The Moscow government considers an opportunity to ban the sales of alcohol beverages, including beer, at night time. It has already been decided to ban the sales of beverages stronger than 15% already from September 1 (from 10:00 p.m. will 10:00 a.m. of the next day).
Those who follow the "Down with drinking!" motto are the minority. The consumption of alcohol beverages has become a cultural norm all over the globe. One should struggle for the observation of cultural norms, but it is much simpler for officials to simply ban it.
Will Muscovites have to join the Prozac nation and take antidepressants as stress relievers? That would not be a very good option . Many people in Russia still remember the time of Gorbachev's perestroika, when they had to have special coupons to buy vodka, but they could buy it only when there was such a possibility, not when they wanted to. The general consumption of vodka decreased in the country, but such a measure resulted in the growth of incidents of severe alcohol poisonings, because people were forced to buy surrogate drinks instead.
Now history may repeat itself.
It is worthy of note that night-time sales of strong alcoholic beverages were banned in Moscow in 2006. Only six percent of stores selling alcohol drinks have special permissions for nighttime commerce.
In July of this year, Levada Public Opinion Research Center conducted a poll among 1,600 Russians in 130 settlements situated in 45 regions of the country. The respondents were asked the following question: "Do you drink alcoholic beverages (including beer)? If yes, then how often?"
The answer "several times a week" received positive response from 6 percent of the polled. "Once a week" - 9 percent. 28 percent said that they "don't drink at all." 26 percent said - "once a month".
It does not look like a catastrophe, is it? There are always people who poison themselves with alcohol deliberately. There are also people, who drink just for fun and entertainment. Alcoholics shall not be considered as someone who just like alcoholic beverages. They drink to receive intoxication, they want to change their consciousness. There ' s no vodka ? There are surrogates . In the long run, they used to drink the legendary Troinoi Cologne during the Soviet times.
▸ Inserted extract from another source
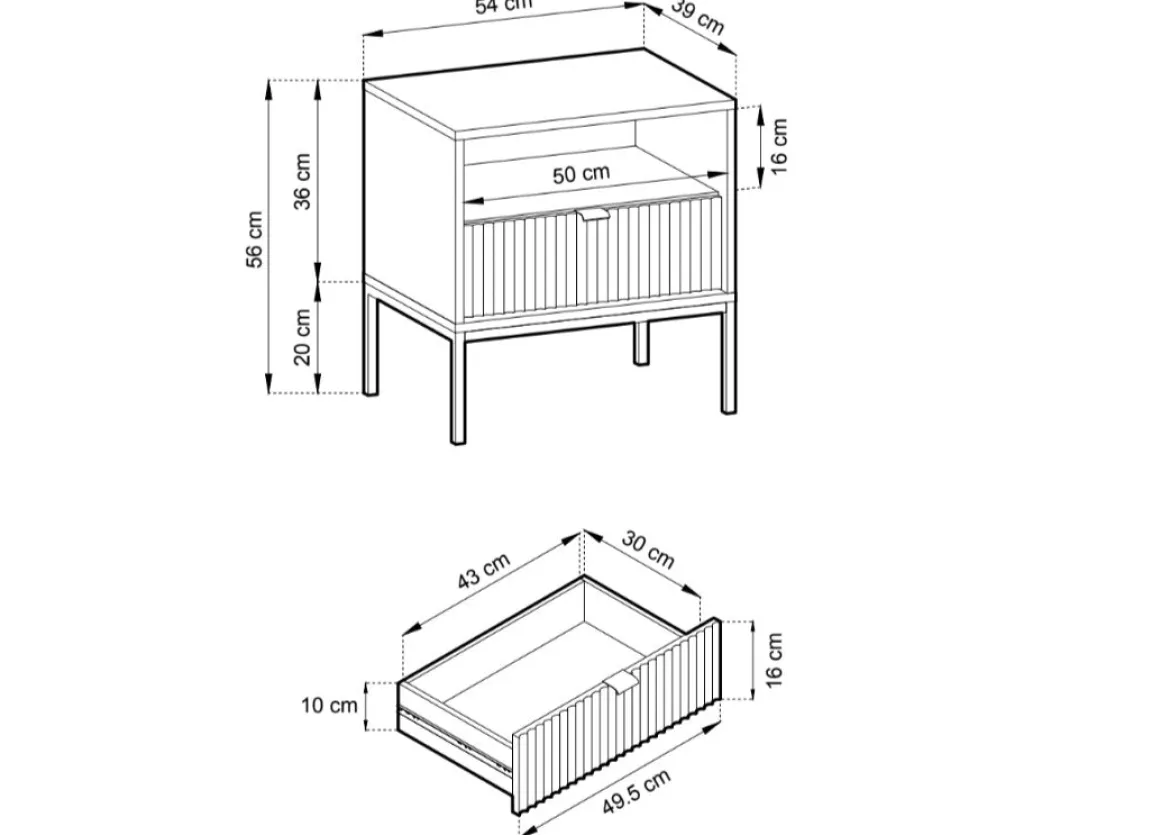 Designer Nachttisch Verilo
There were two politicians in Russia and the USSR, who became known for their initiative to introduce the dry law: Mikhail Gorbachev and Tsar Nicholas II. Their stay at power led to catastrophic consequences for the country. It was not because of the dry law, of course. A politician, who does not understand his country, can not take it to anything good.
The government does need to take measures, because people drink a lot indeed. However, a ban is not a way out, it's not a solution. It is a surrogate measure.